Singapore Savings Bonds - Should Australian Expats Invest

As an Australian Expat Financial Planner, I am constantly exploring investment options for my clients that offer stability, security, and attractive returns. One such option that we are at times asked about is the option of investing in Singapore Savings Bonds (SSBs).

In this blog post, we will delve into what SSBs are, their history, the pros and cons, and provide valuable insights for Australian expats contemplating this investment avenue. So, let's dive in!

Understanding Singapore Savings Bonds

SSBs are a type of government bond issued by the Singapore Government. They were introduced in 2015 to provide individual investors with an accessible and low-risk investment opportunity. Unlike traditional bonds, SSBs are designed to be affordable, flexible, and suitable for both small and large investors. These bonds have a tenure of up to ten years, with the option to redeem them any time after the first month.

Pros of Investing in Singapore Savings Bonds

Low Risk and Guaranteed Returns

SSBs are considered low-risk investments as they are backed by the Singapore Government. This provides assurance to investors that their principal amount is safe and that the bonds will deliver the promised returns.

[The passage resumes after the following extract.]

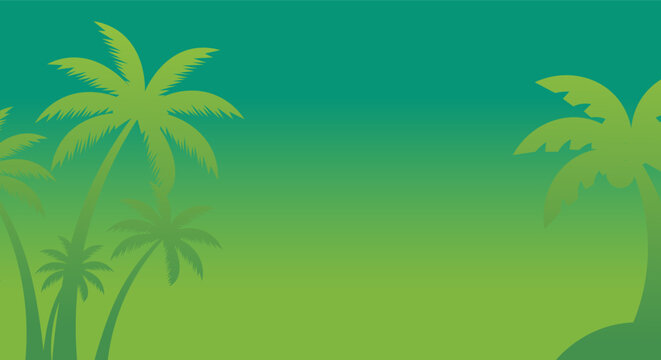 Tropical palm trees silhouetted against a vibrant green and teal gradient background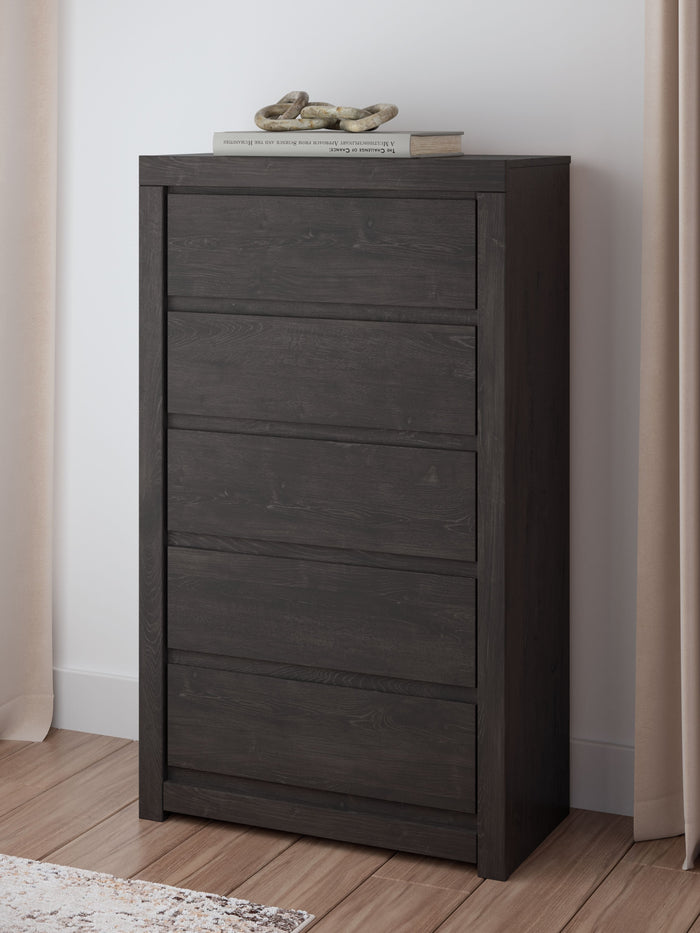 Fraluna - Charcoal - Five Drawer Chest by Signature Design by Ashley® | Bel Furniture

Flexibility in Investment Amounts and Holding Period

SSBs have a minimum investment amount of just SGD 500, making them accessible to a wide range of investors. Additionally, the flexibility to hold the bonds for as short as one month means you can tailor your investment strategy according to your financial goals.

Accessibility to Both Singaporean and Non-Singaporean Investors

One of the key advantages of SSBs is that they are open to both Singaporean residents and non-residents, including Australian expats. This provides an opportunity for diversifying your investment portfolio beyond Australian financial markets.

Some investment options, such as saving via CPF are only available to Permanent Residents and Singaporean Citizens, so this option does provide greater access for expats.

Potential Tax Advantages for Australian Expats

Australian expats may benefit from the tax advantages offered by SSBs. Since Singapore and Australia have a Double Taxation Agreement, the interest income earned from SSBs may be tax-exempt or subject to reduced tax rates, depending on your residency status and other factors. Consulting a tax professional is advisable to fully understand the tax implications.

Cons of Investing in Singapore Savings Bonds

Lower Potential Returns Compared to Other Investment Options

While SSBs provide stability, the trade-off is relatively lower returns compared to riskier investment options such as stocks or real estate. It is important to align your investment objectives and risk tolerance with the expected returns from SSBs. To put it in perspective, the rates of return based on the tenure of the bond are as follows.

Singapore Savings Bonds - Should Australian Expats Invest Rates

Source – as at 18/06/2023

With the current inflation rates globally above 5% per annum, these returns would certainly be producing a negative real rate of return currently.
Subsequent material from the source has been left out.